Subtle and not-so-subtle heresies
Young’s intentions are good. He wants to introduce readers to a loving God who was willing to sacrifice his own Son to save us from our sins. But all heresies begin with misconstruing the nature of God. From Jehovah’s Witnesses to Mormonism to even Islam, they all get it wrong when it comes to understanding the God of Scripture. Young joins their company. Part of the problem arises because his story is confused and inconsistent. He doesn’t set out to mislead, but he himself is misled, either by himself or others.
He wants desperately to show us the God of love as found in Scripture (1 John 4:8), but he ignores the other side, the God of utter holiness (Isaiah 6:1-5) and, ultimately, the final Judge (Revelation 20:11-15). Any presentation of God that shows only one side of His nature is wrong. In an effort to counter a false view of God as only the judging avenger of wrath, we must not go the opposite direction and present Him only as a loving, indulgent parent who never judges sin. Both extremes are false in that they present an incomplete picture of God as He shows Himself to us in Scripture.
By emphasizing only one part of God’s nature, The Shack actually leads readers astray with regard to God’s attitude towards sin. Papa tells Mack, “I don’t need to punish people for sin. Sin is its own punishment, devouring from the inside. It’s not my purpose to punish it; it’s my joy to cure it.”
To be sure, sin often carries within itself its own punishment (Romans 1:27). But sometimes the wicked prosper in this life (Jeremiah 12:1). More importantly, Scripture is full of references to God’s impending wrath against sin and unbelief (John 3:36, Romans 1:18, Romans 2:5-8, Colossians 3:6, and many others.) For The Shack to give the impression that it is not God’s purpose to punish sin is the height of bad theology and irresponsibility.
We anthropomorphize (attribute human qualities to) God the Father at our peril. He is spirit (John 4:24), and when He refers to Himself in anthropomorphic terms, it is always as a father. This is important because any attempt to make God a female inevitably leads to goddess religion and God’s becoming some sort of fertility figure, a worship of the creation instead of the Creator (Romans 1:25).
And for some reason Papa changes form later in the book to become a gray-haired, pony-tailed male. No, God does not change Himself to accommodate our flawed understanding of Him. He changes us so we can see Him as He truly is (1 Corinthians 13:12).

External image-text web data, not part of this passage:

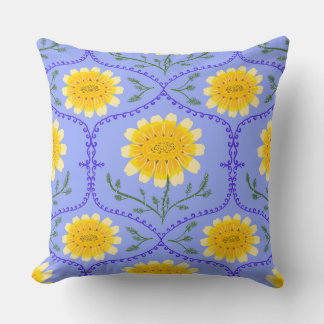 Mediterraan Blauw en Geel Bloemmotief Griekse Flor Kussen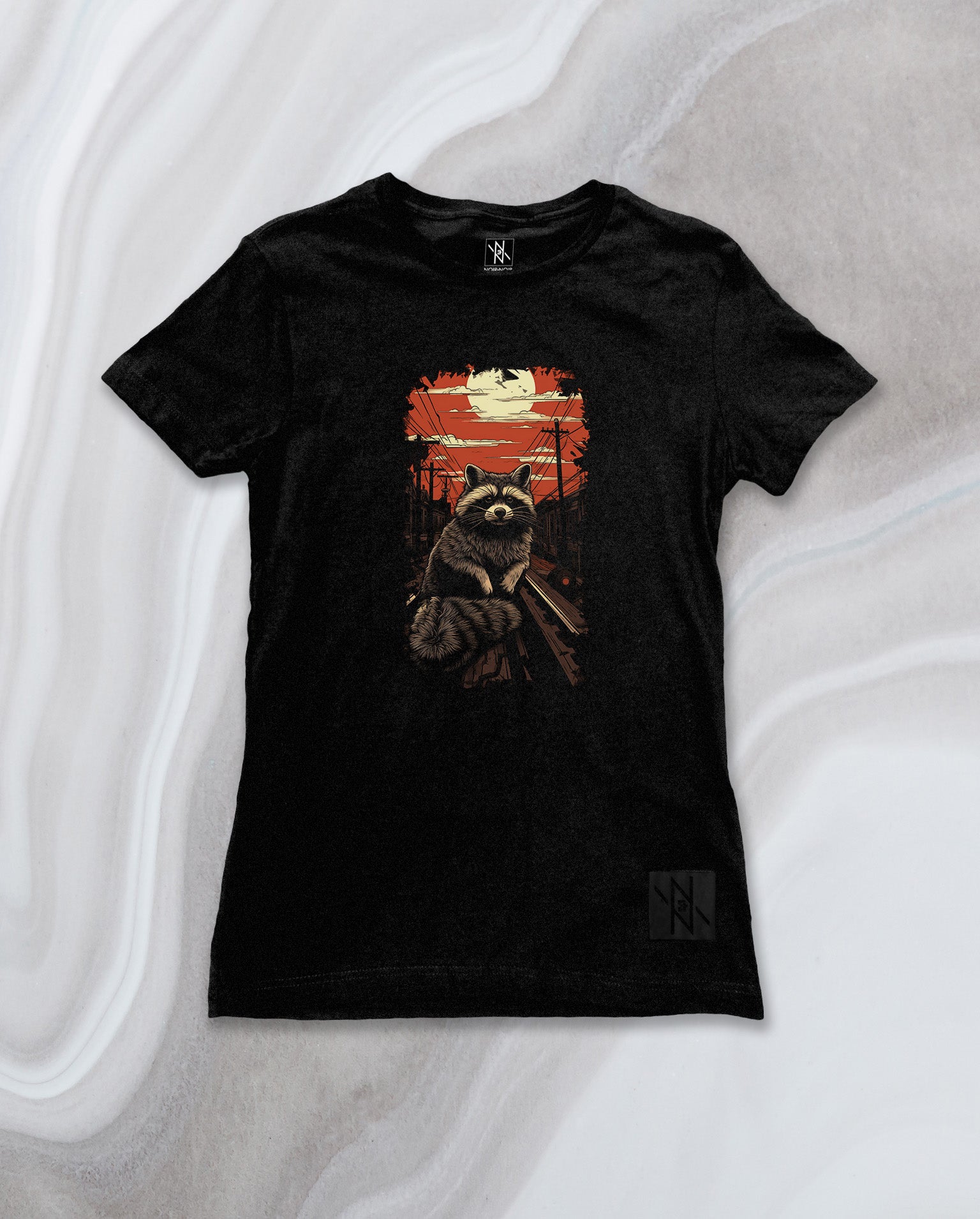 Front view of the Noir et Noir Urban Forager  Women's T-shirt, showcasing its minimalist black design with a sleek, comfortable fit. Ideal for modern urban wear. Available now in the Toronto Collection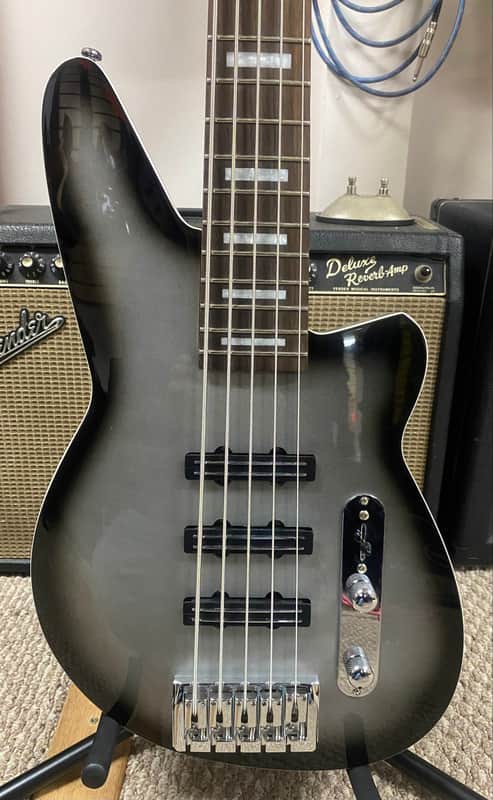 LIKE NEW: Reverend Triad Bass 5 - Silver Burst - BAG INCLUDED image 1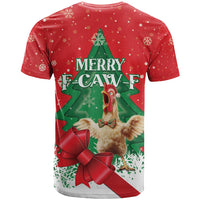 Funny Christmas Chicken T Shirt Merry F Caw F - Wonder Print Shop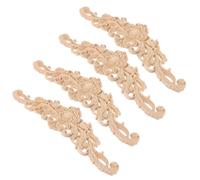 SHINEOFI 4pcs Wood Carved Onlay Wardrobe Onlay Ornament Delicate Carving Patterns Easy to Use Easy to Store Decoration for Wall and Door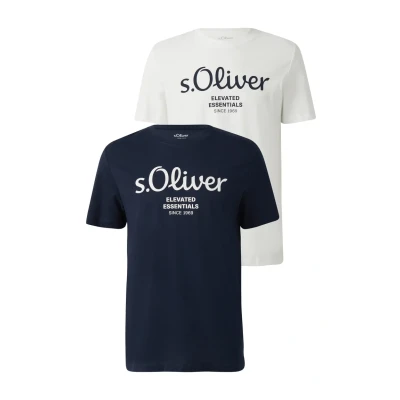Abbildung von s.Oliver MIT Kurzarm UND Rundhalsausschnitt IM Doppelpack Tshirt print, Herren, Größe: Small, Weiß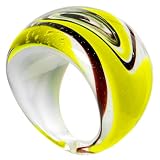 Handmade Yellow Marbled Glass Ring
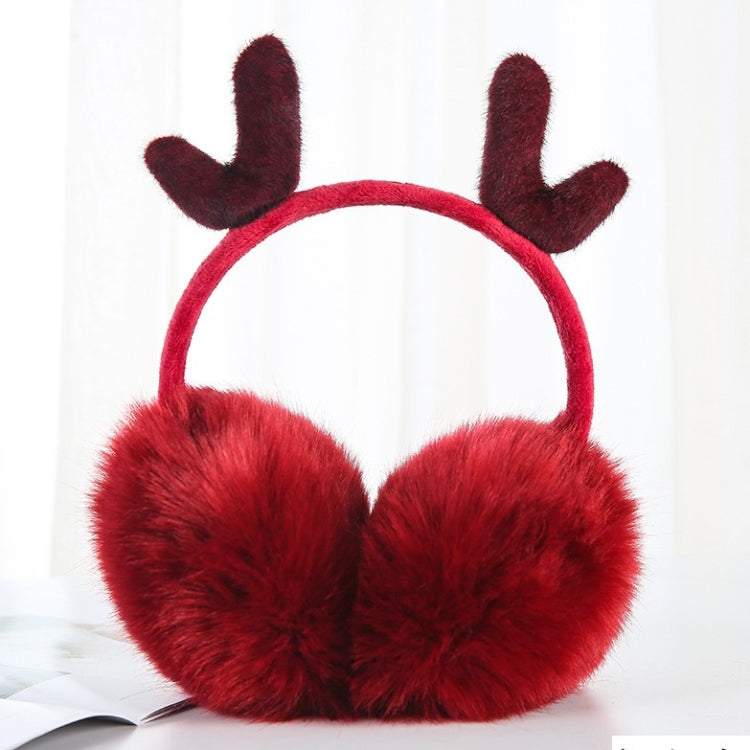 Wine red plush antler earmuffs with fluffy ear pads and red faux antlers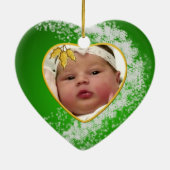 Baby's Foto Keepasjeskerstversiering Keramisch Ornament (Achterkant)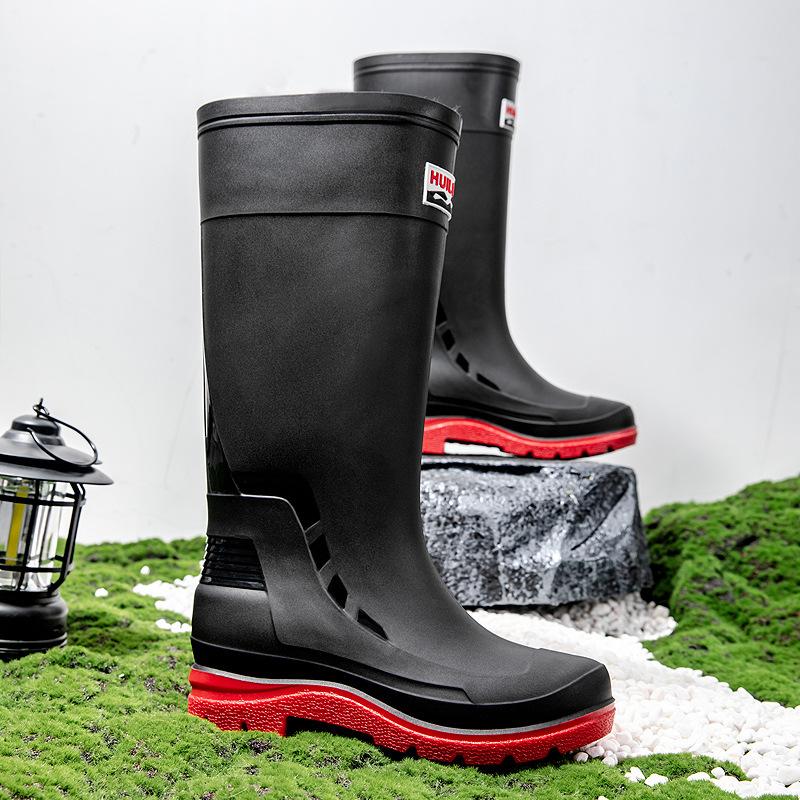 Мужские дождевые ботинки, водонепроницаемая обувь, модные высокие резиновые сапоги на толстой подошве, износостойкая резиновая обувь, кухонная обувь для рыбалки, водные сапоги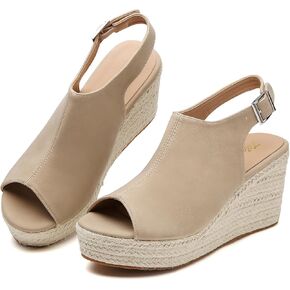 Tilocow Espadrilles Wedges for Women Open Toe Ankle Strap Platform Dressy Casual Sandals Travel Slides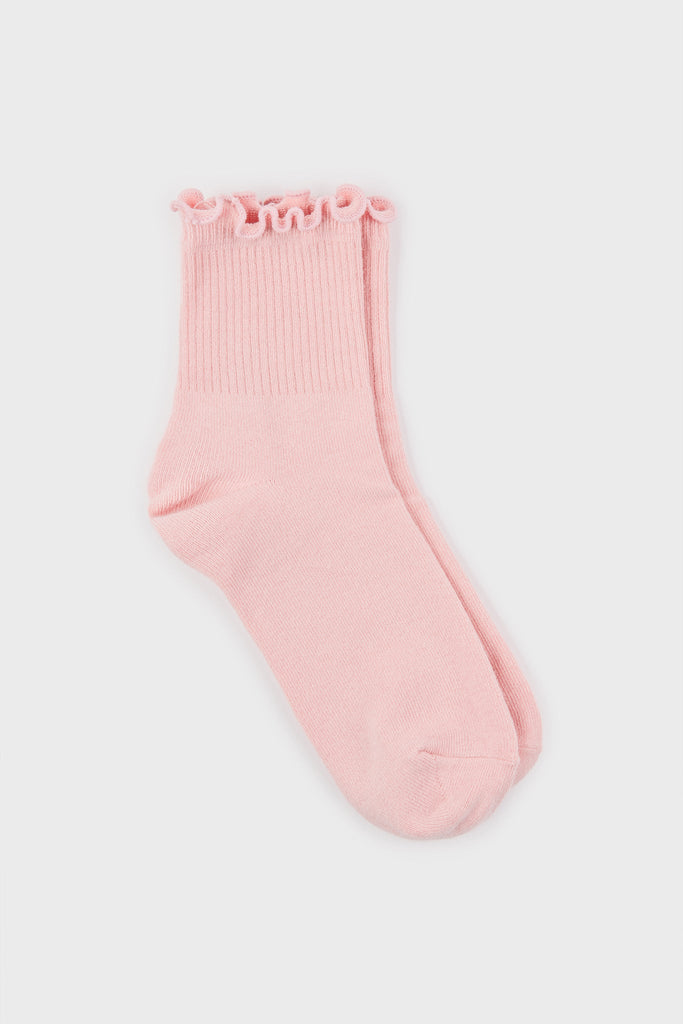 Pink ruffle trim socks_2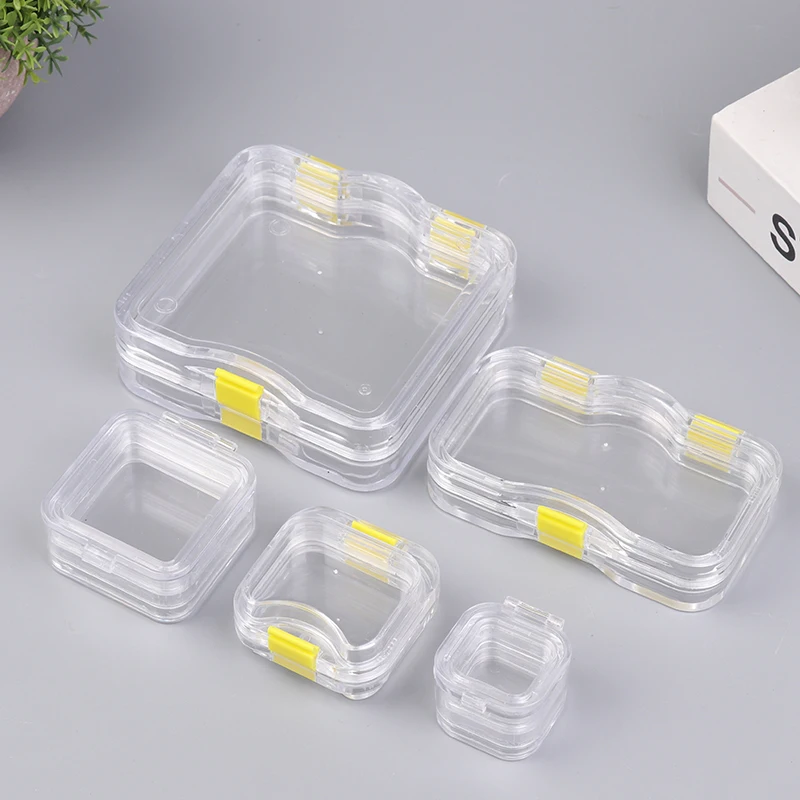 New 1Pc Plastic Dental Lab Box With Film Dentist False Tooth Case Box With Membrane Storage Boxes Denture Teeth Container Case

Papa acknowledges that Jesus is both fully human and fully God, but she adds,
[H]e has never drawn upon his nature as God to do anything. He has only lived out of his relationship with me, living in the very same manner that I desire to be in relationship with every human being. He is just to do it to the uttermost—the first to absolutely trust my life within him, the first to believe in my love and my appearance without regard for appearance or consequence.
But that’s not what Scripture says. Jesus in fact was before all things and through Him all things were created and hold together (Colossians 1:16-17). The words Papa speaks are a form of the ancient heresy of subordinationism, which puts Jesus in a lower rank within the Trinity. Scripture teaches that all three persons of the Trinity are equal in essence.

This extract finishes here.